Durante dezessete anos, armado de uma Olivetti que resistiu bravamente ao advento da era da informática, o doutor Ruy redigiu quase todos os dias a fala do trono ─ como se referem os súditos da redação ao editorial principal, que todo Mesquita aprende ainda na infância a chamar de “primeira nota”. Conjugados, os milhares de parágrafos comprovam que, como os antecessores, Ruy Mesquita também foi poupado das coceiras da dúvida. Se alguma ousasse rondá-lo, bastava recordar os ensinamentos do pai e retomar o caminho percorrido sem desvios há bem mais que 100 anos. “Fundado por abolicionistas e republicanos, desde seus tempos iniciais, quando tinha no cabeçalho o título A Província de São Paulo“, reiterou em 1998, “este diário nunca abandonou a trincheira da guerra pelos princípios democráticos, que se baseiam no primado da liberdade de agir, empreender, trabalhar, se reunir e se manifestar”.
Formulada pelo homem de pensamento, essa declaração de amor à democracia foi reafirmada pelo homem de ação sempre que as circunstâncias exigiram que combatesse além do campo das palavras. Em 1964, convencido de que o estado de direito estava ameaçado pela ofensiva esquerdista, Ruy Mesquita juntou-se aos conspiradores que articularam o golpe militar com a mesma determinação exibida pelo democrata radical na oposição aos generais que, com a decretação do Ato Institucional n° 5, proclamaram a ditadura escancarada e precipitaram a ruptura com o templo do liberalismo clássico. Na década de 70, nos momentos mais sombrios do hiato liberticida, o cinquentão que a poliomielite forçara a andar até os 8 anos com a ajuda de aparelhos escoltou numerosos jornalistas perseguidos pela polícia política. Depois de comunicar aos carcereiros que se haviam tornado, a partir daquele instante, responsáveis pela integridade física do prisioneiro, voltava à sede do império para exigir que fosse libertado.

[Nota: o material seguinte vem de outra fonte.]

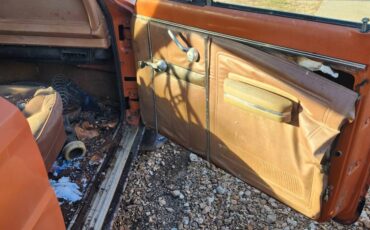 Jeep-cherokee-1975-orange-14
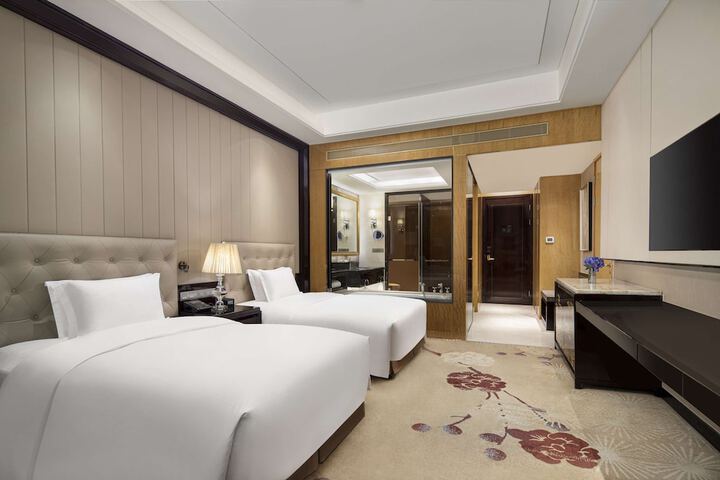Room 30 of 103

Na edição que homenageou o valente defensor da liberdade morto aos 88 anos, havia apenas o cavaleiro com a trombeta, cercado de branco por todos os lados, no espaço reservado à fala do trono, com uma moldura preta que evocava cartões de luto. Nada poderia retratar tão nitidamente a paisagem redesenhada pela ausência. Desde que se intensificaram as dificuldades financeiras, que já afetavam a empresa quando substituiu o irmão Júlio de Mesquita Neto, o doutor Ruy ali se entrincheirou. Sem paciência para lidar com questões administrativas, escreveu como nunca ─ em todos os sentidos. Se houver um Júlio V, decididamente não será tão brilhante quanto o grande combatente que partiu.